--- Source material ---

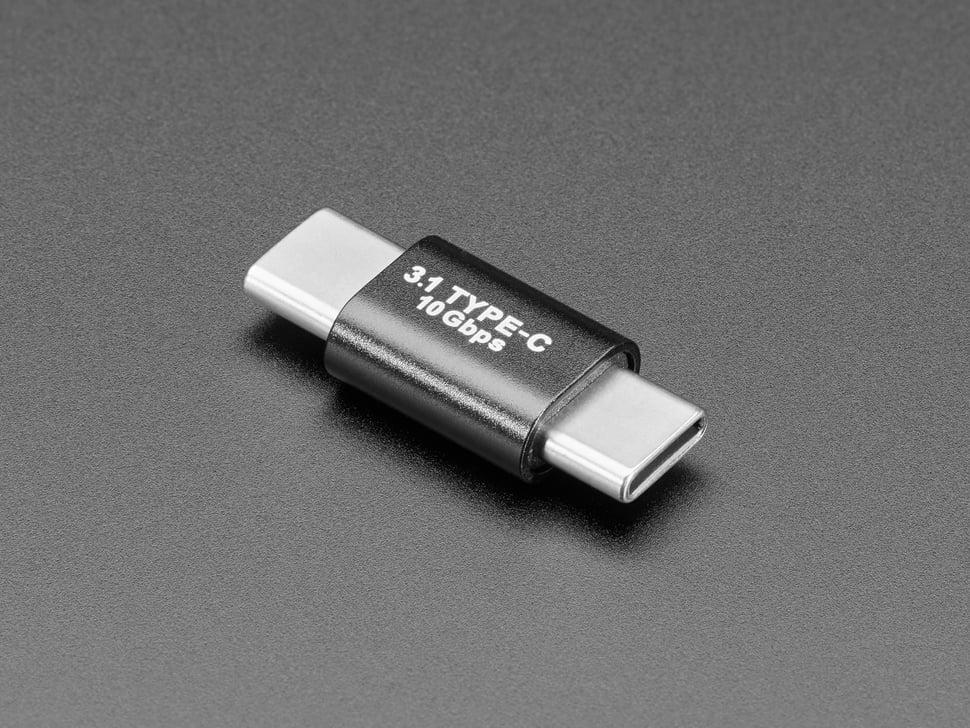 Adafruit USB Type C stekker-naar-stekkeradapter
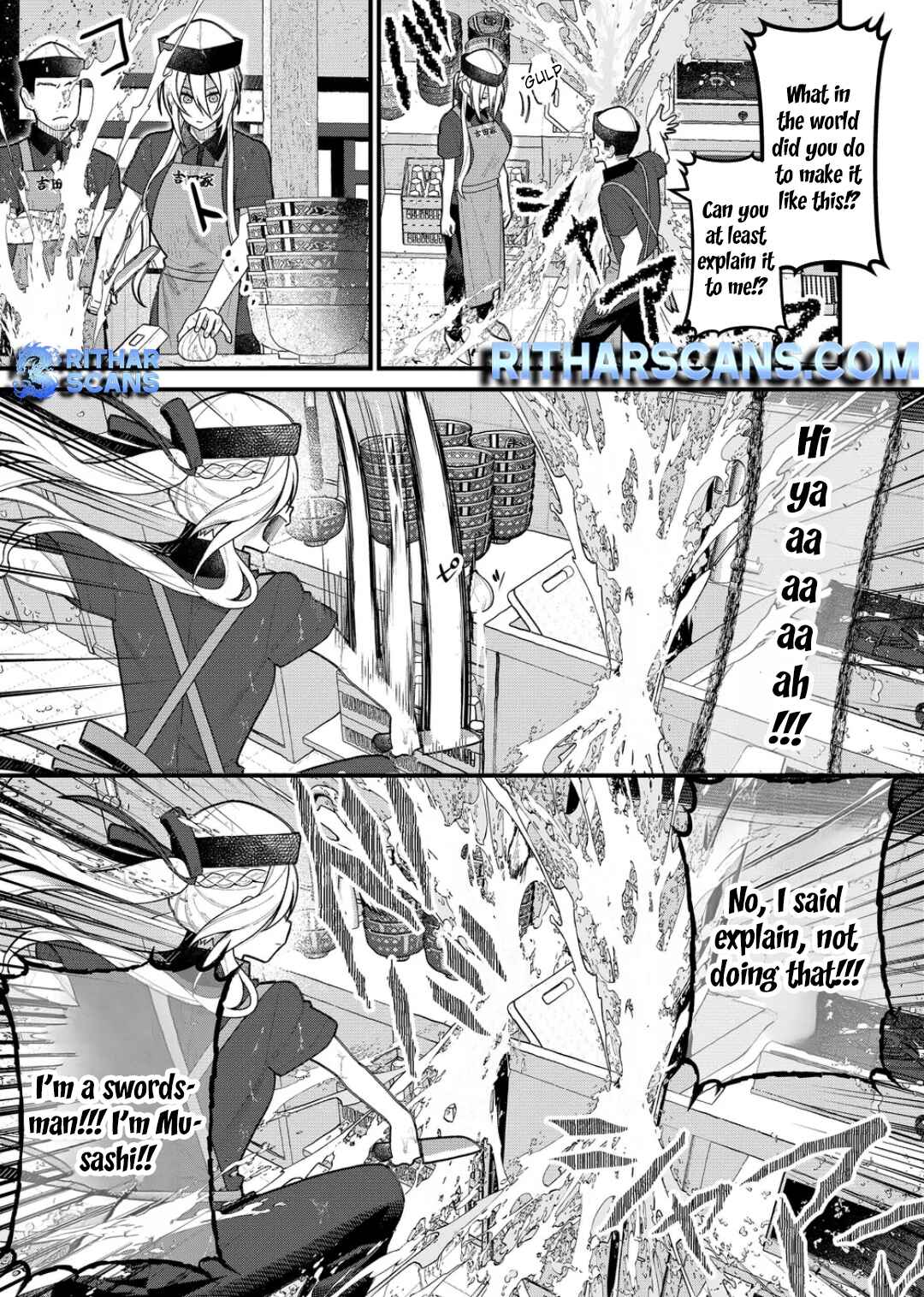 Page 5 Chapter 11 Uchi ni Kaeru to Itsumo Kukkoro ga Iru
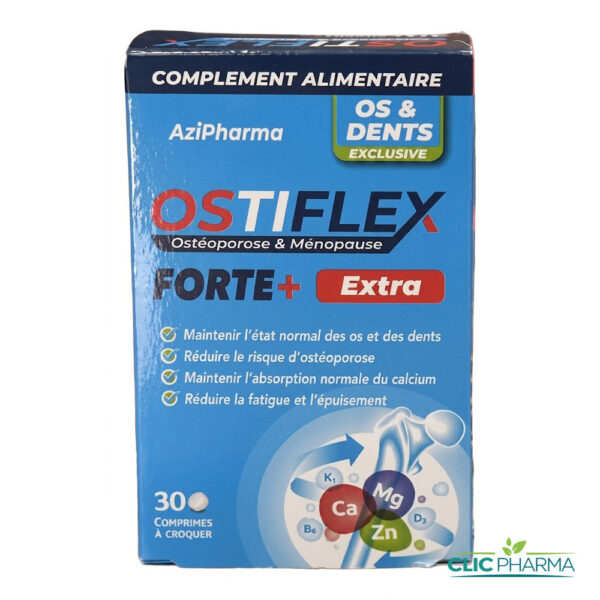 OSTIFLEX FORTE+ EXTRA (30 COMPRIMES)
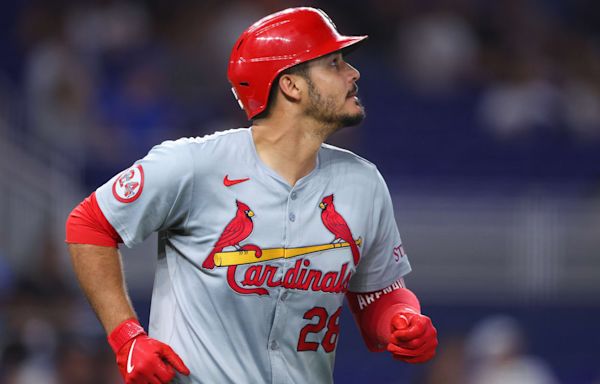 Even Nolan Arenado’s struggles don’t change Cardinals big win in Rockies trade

---

* [Exercise brief] The answer should contain all the material above, copied exactly, and no images.

* [Final answer]
 Adafruit USB Type C stekker-naar-stekkeradapter
 Page 5 Chapter 11 Uchi ni Kaeru to Itsumo Kukkoro ga Iru
 OSTIFLEX FORTE+ EXTRA (30 COMPRIMES)
 Even Nolan Arenado’s struggles don’t change Cardinals big win in Rockies trade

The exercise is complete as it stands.